Especially noteworthy in Aichi is the number of installations/performances. However, I found neither La Ribot’s "Laughing Hole" nor Hirata Oriza’s "robot theater", performed as an opening event, particularly interesting. I'm rather looking forward to seeing the upcoming pieces by Umeda Hiroaki, Ikeda Ryoji and Antonia Baehr. Anyway, what is elemental here is a setup deliberately designed by the organizers to encourage communication between performing artists' fans and fans of visual artists. If this doesn't happen, it simply makes no sense to invite and present artists from both genres at the same event.

 

Ishinha "When a Gray Taiwanese Cow Stretched " (Inujima, Setouchi) | REALTOKYO Ishinha "When a Gray Taiwanese Cow Stretched " (Inujima, Setouchi) | REALTOKYO
Ishinha "When a Gray Taiwanese Cow Stretched " (Inujima, Setouchi)

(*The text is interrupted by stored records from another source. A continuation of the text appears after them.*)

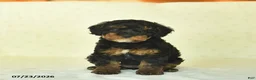 Miniature Poodle dogs for sale: Qinnlie  - Ad 1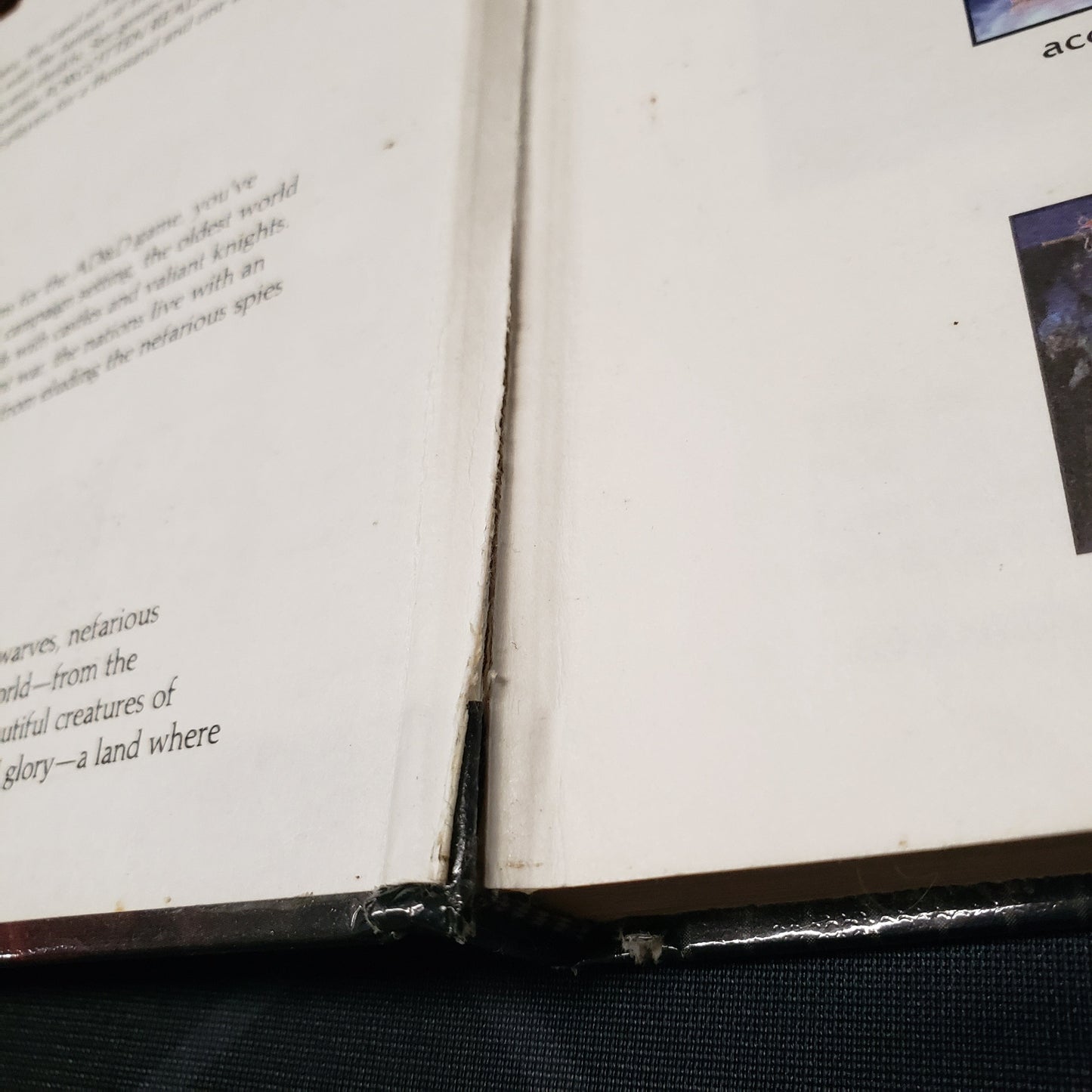 Image shows a tear along the inside spine of the Player's Handbook for the roleplaying game Advanced Dungeons & Dragons: Second Edition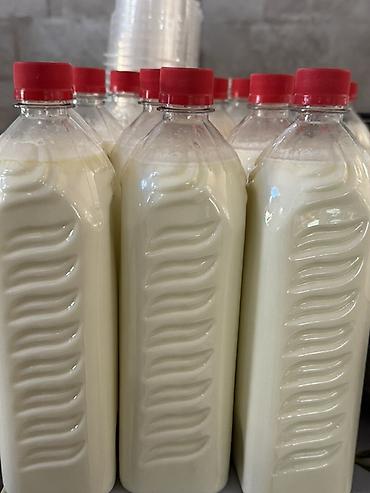 опарат для мороженое: Домашние молочные продукты - Молоко цельное в пластиковых бутылках с — 3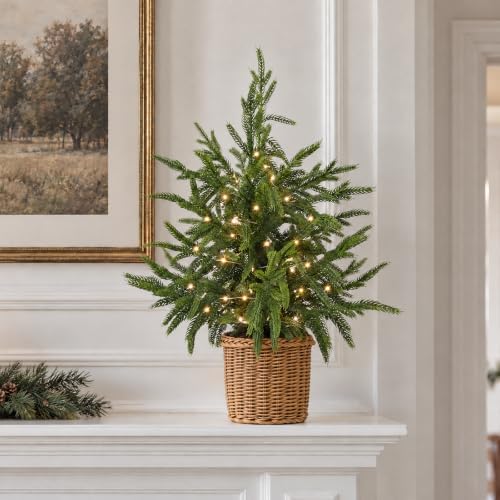 Christmas Decorations - 2FT Pre-Lit Artificial Norfolk Pine Christmas Tree - Image 4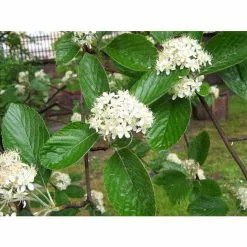 Sorbus Aria 'Lutescens' | Whitebeam Rowan Tree | 9L Pot | 120-150cm 7 Sorbus Aria 'Lutescens' | Whitebeam Rowan Tree | 9L Pot | 120-150cm -All Plants Sales Store TR01979L add image 1 c4ee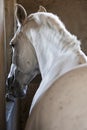 Horse in stable Royalty Free Stock Photo
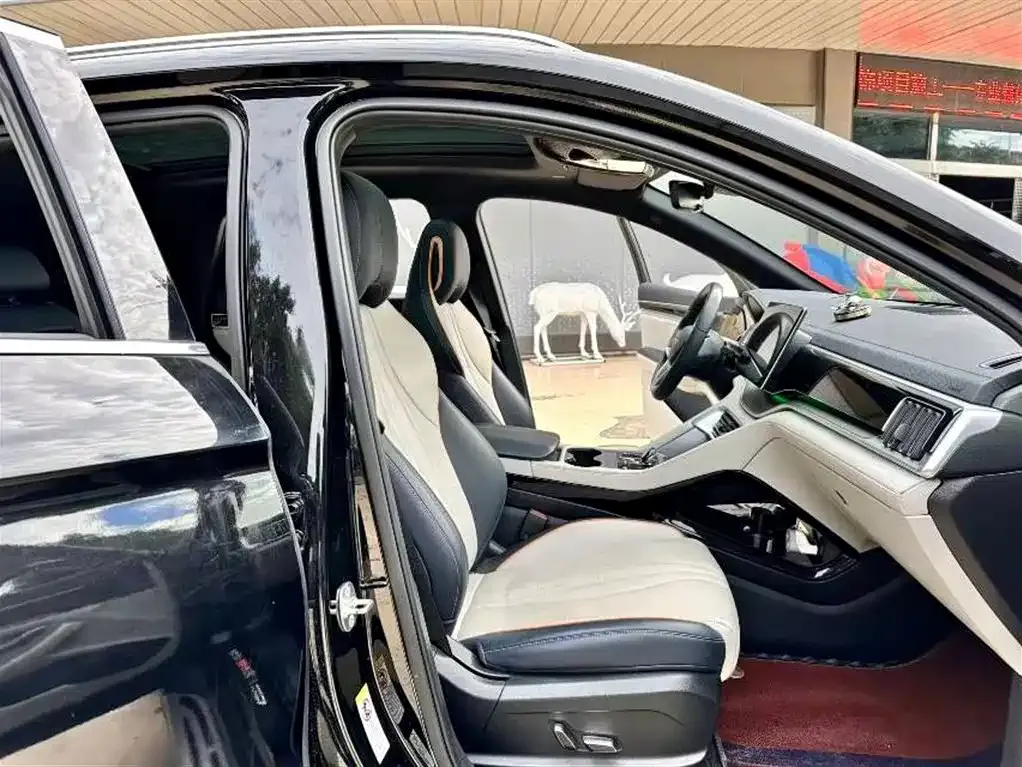 BYD PLUS New Energy 2023 из CN, фото 10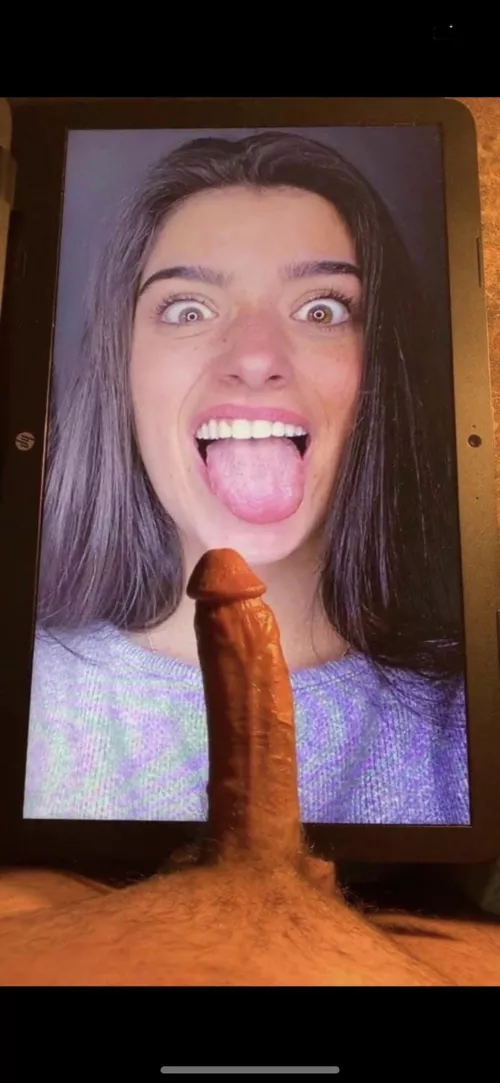 Anyone want to talk abt the damelios? Kik @ willalexander24 by WillAlexander2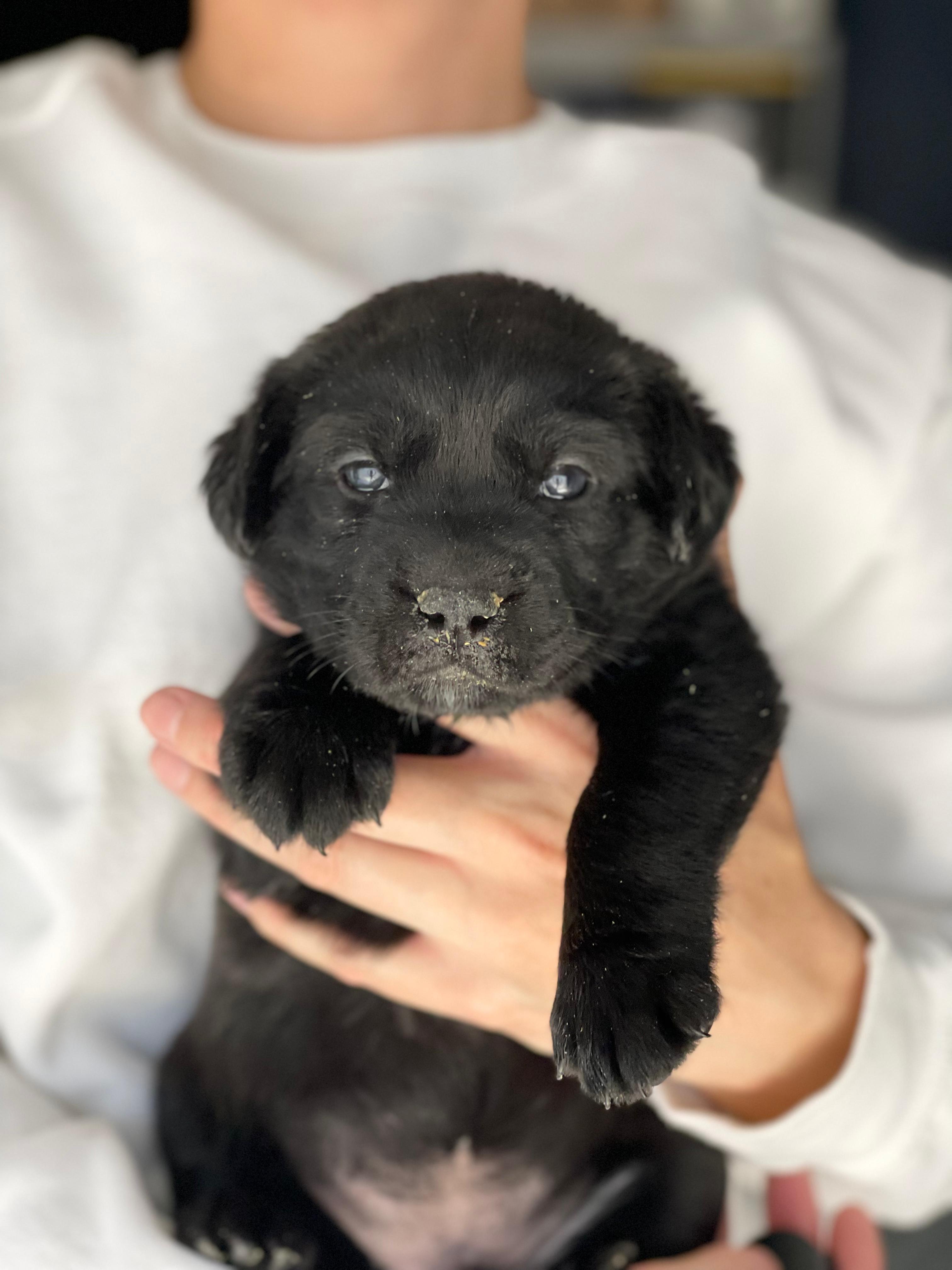 Enlarge GINGER, a Adoptable mixed breed in Discovery Bay, CA image 1/2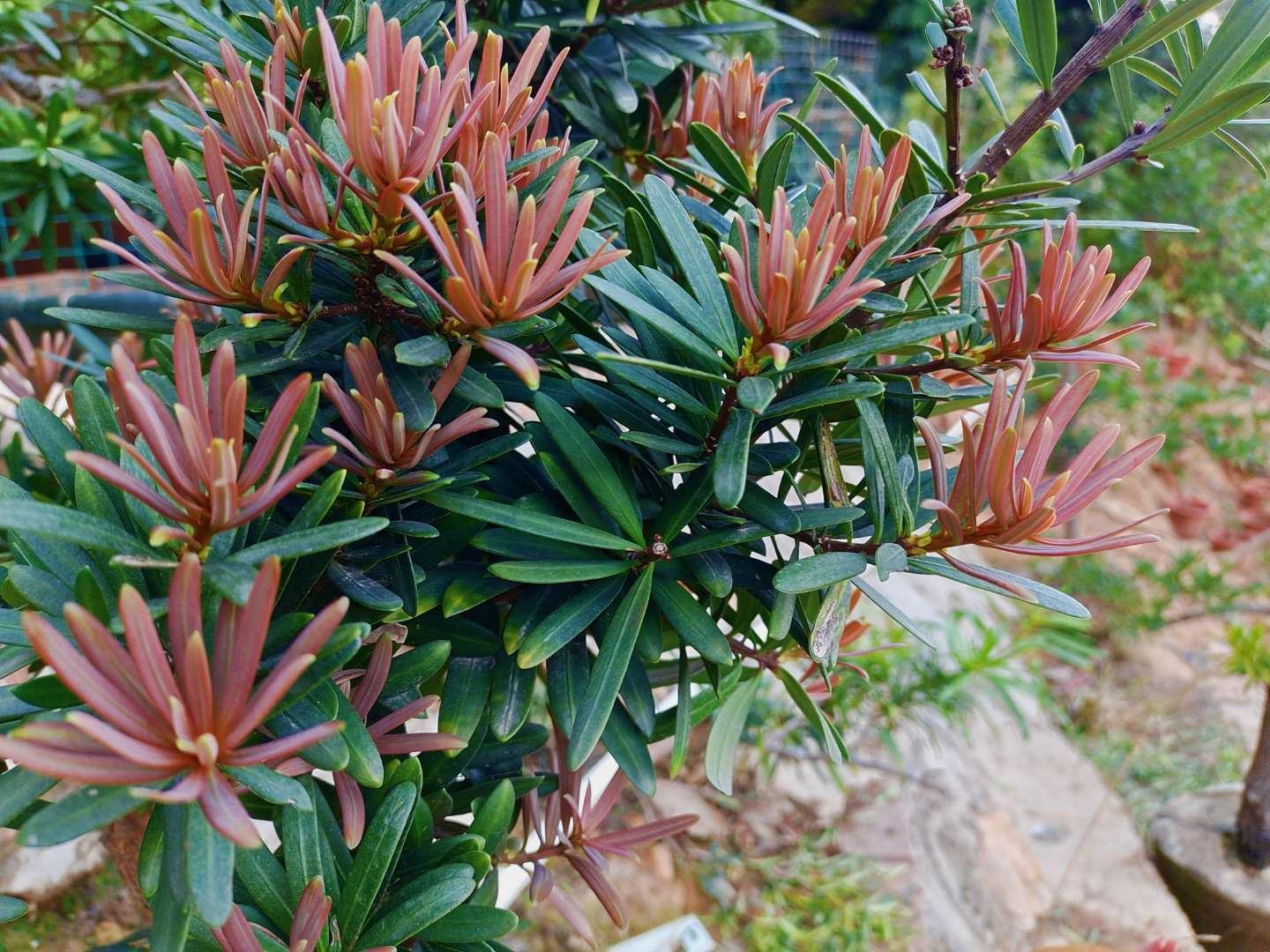 近距离拍摄的罗汉松成熟种子,可见其顶端绿色球形种子下方连接着膨大、呈紫红色的肉质种托,整体形态宛如一位盘腿而坐的小罗汉,背景虚化,突出细节特征 罗汉松种子特写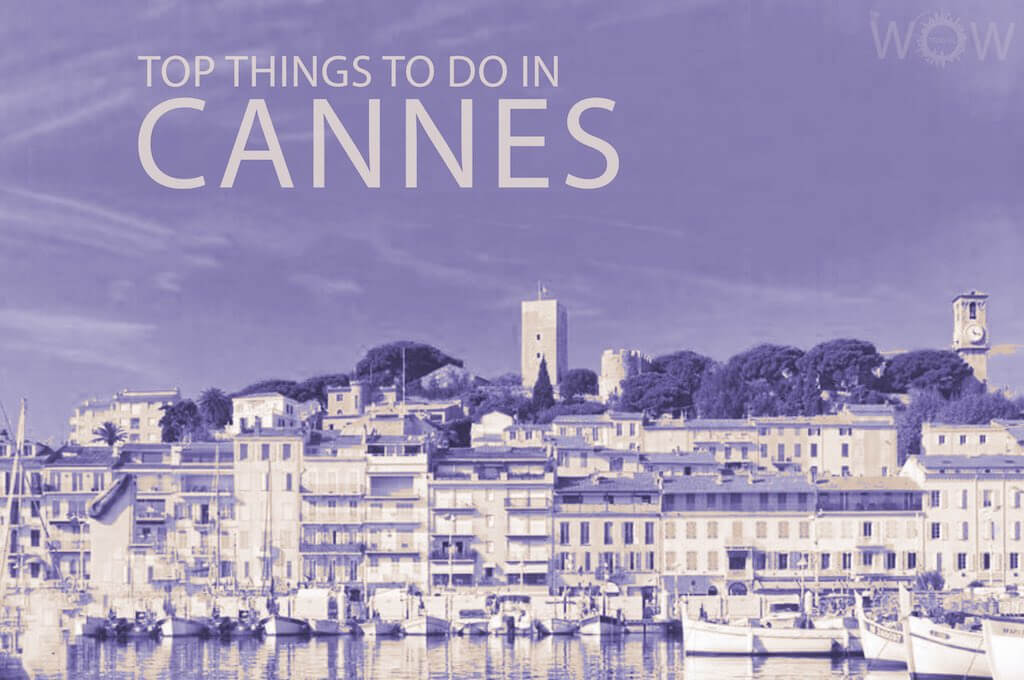 Top 12 Things To Do In Cannes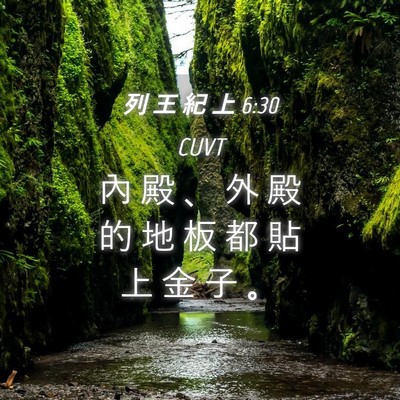 Picture 04 - 列 王 紀 上 6:30 CUVT - 內 殿 、 外 殿 的 地 板 都 貼 上 金 - Bible Verse Picture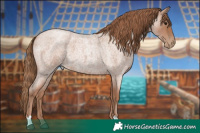 Horse Color:Blue Roan Pearl 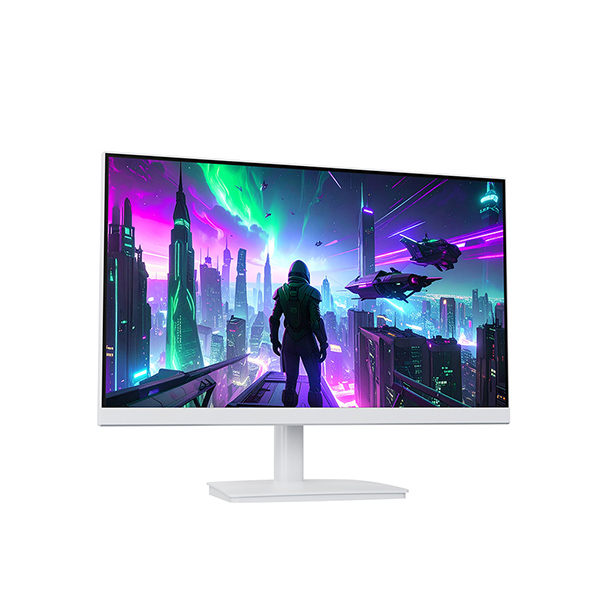 ���� �����ۺ� 24F165D IPS FHD 165 HDR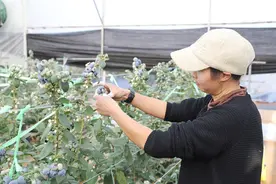 麒麟区：冬蓝莓铺就致富“莓”好蓝图图片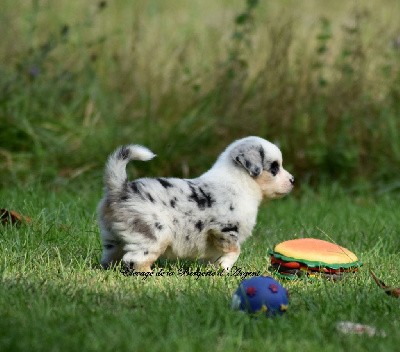 Mâle bleu merle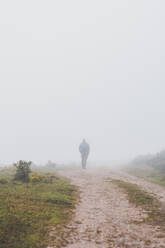 Spain, Cantabria, Silhouette of lone man walking along countryside dirt road shrouded in fog - FVSF00112
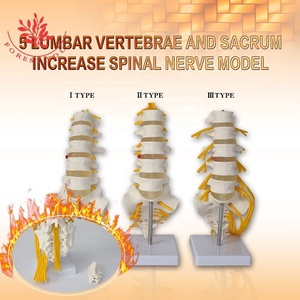Modelo Lumbar 5 piezas 6 vértebras hueso FRT036 raíz nerviosa y lado derecho nervio sacro rama ciática herramienta <span class=keywords><strong>de</strong></span> enseñanza - Product Image 3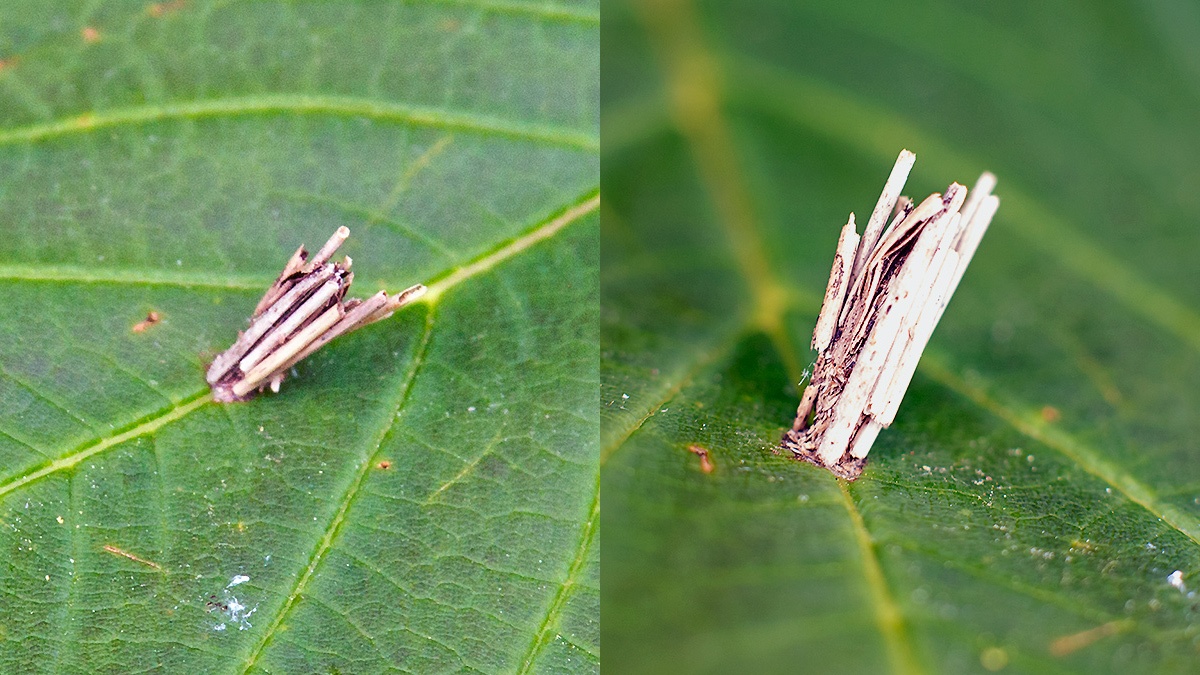Common Bagworm Moth [Psyche casta]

Some potential in this respect I seemed to detect in Ishinha’s "When a Gray Taiwanese Cow Stretched", staged as part of the Setouchi festival on Inujima Island. Against a backdrop formed by the remains of a former refinery and the Seto Inland Sea, this history play was seasoned with such interesting temporal/spatial themes as "modernization" (imperialism, war) and "ocean" ("Japonesia", Ryukyu arc, Eastern Eurasia), however the most impressive sight was the wooden stage that was built as usual by all company members. The geometric construction defined primarily by large amounts of orthogonally assembled lumber smoothly incorporated also the refinery’s chimney as a vertical, and the skyline of the Seto Inland Sea as a horizontal element, which together functioned as an apparatus to visualize the "warp and woof" of history. In his exquisite essay on Manet, "Manet and the Object of Painting", Michel Foucault claims that the rectangular shapes defined by vertical and horizontal lines in Manet’s work suggest the painter’s canvas. As Ishinha have been creating sceneries rather unrelated to the framework of the proscenium arch, one can't say that the vertical and horizontal lines here make up an allegory of the stage. Nevertheless, it is quite entertaining to watch the piece while imagining that company leader Matsumoto Yukichi, who originally comes from visual arts, chose Manet as an underlying theme. It would be even greater fun if it were indeed an unconscious citation.

 

Be that as it may, all this doesn't take effect if no art fans come and watch it – or alternatively, if theatre fans don't decipher the context of fine art. The state of "artistic genres trapped in an octopus pot" that has probably occurred several times in the course of history keeps undermining the world since the 1970s. Let’s expect from these two new art festivals that they shatter the pot to free all the big and small octopuses, and let them roam around as they like.